Algumas vezes tenho o prazer de registrar o encontro de gerações, os de 10 anos de empresa e os de apenas 6 meses. O ânimo juvenil que os novos trazem consigo amedrontam os octogenários do ritual diário. Mas é fato, alguns novos já nascem com ânimos antigos enquanto muitos velhos permanecem com a empolgação pubescente até a aposentadoria. A linha tênue está no que cada um alça para sua vida e os motivos que lhe fizeram chegar até aquele lugar.

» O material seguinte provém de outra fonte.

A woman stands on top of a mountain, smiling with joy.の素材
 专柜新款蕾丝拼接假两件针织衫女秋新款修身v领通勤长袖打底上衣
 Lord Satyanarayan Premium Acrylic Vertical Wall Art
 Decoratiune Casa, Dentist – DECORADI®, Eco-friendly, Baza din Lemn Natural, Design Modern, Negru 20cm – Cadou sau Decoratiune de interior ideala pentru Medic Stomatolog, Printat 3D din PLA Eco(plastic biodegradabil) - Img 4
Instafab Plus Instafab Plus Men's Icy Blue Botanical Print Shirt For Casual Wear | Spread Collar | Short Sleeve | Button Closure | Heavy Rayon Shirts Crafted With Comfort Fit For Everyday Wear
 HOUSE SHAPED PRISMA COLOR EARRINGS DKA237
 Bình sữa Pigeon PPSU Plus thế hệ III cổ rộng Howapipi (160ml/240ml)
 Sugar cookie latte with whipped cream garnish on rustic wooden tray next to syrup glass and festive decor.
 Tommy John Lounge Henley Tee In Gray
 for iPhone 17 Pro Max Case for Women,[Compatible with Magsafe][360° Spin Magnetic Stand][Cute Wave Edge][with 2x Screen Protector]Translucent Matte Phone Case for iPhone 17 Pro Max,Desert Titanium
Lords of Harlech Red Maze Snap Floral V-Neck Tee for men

Fora da redoma é onde a mágica acontece. Mudam-se as roupas: sapatos viram chinelões, calças tornam-se bermudas encardidas. Morrem as formalidades. Afloram-se os desejos verdadeiros. O medo de ser repreendido se transforma em confiança, chão estável para as realizações.
Regrido!
Abandono o despertador, as funções e principalmente as tecnologias. Torno-me um homem das cavernas. Isolado do que me enclausura. Desligo os aparelhos eletrônicos e descubro a magia de cozinhar para os meus amigos mais íntimos. Penso em largar tudo para realizar um sonho que comecei a ter a partir das 18h da sexta-feira, ser chef de cozinha.
Descubro o talento que tenho de combinar sabores e degustar coisas novas. Misturo cinco elementos e faço o melhor prato de arroz com frango que já provei na vida. Aproveito esses momentos como se nunca mais fosse ter de volta. Bebo minha cerveja, converso besteiras falando palavrões sem censura e até mesmo crio alguns outros novos para ter como rir em outras ocasiões com os amigos.
Depois das 18h do domingo começam a aparecer os tenebrosos sinais de que mais um sonho está se acabando. Até a programação da televisão já parece uma tortura. Uma criança terá que entrar para a casa antes da brincadeira acabar. O fim está cada vez mais próximo. O grande Érick Jacquin terá que pedir uma folga do serviço. O super masterchef terá que lavar e guardar as últimas panelas da pia. Volto a programação normal.
A rotina leva mais uma vez um grandioso homem que deveria mudar gerações, inventor de grandes pratos. O futuro ganhador do oscar da gastronomia precisa estar de pé bem cedo. Fico louco para contar as aventuras que tive durante o final de semana, mas eles não entenderão, nem queria. Já planejo o próximo desafio que irei cumprir. Depois do final da tarde tudo é possível quando a rotina não nos atravessa.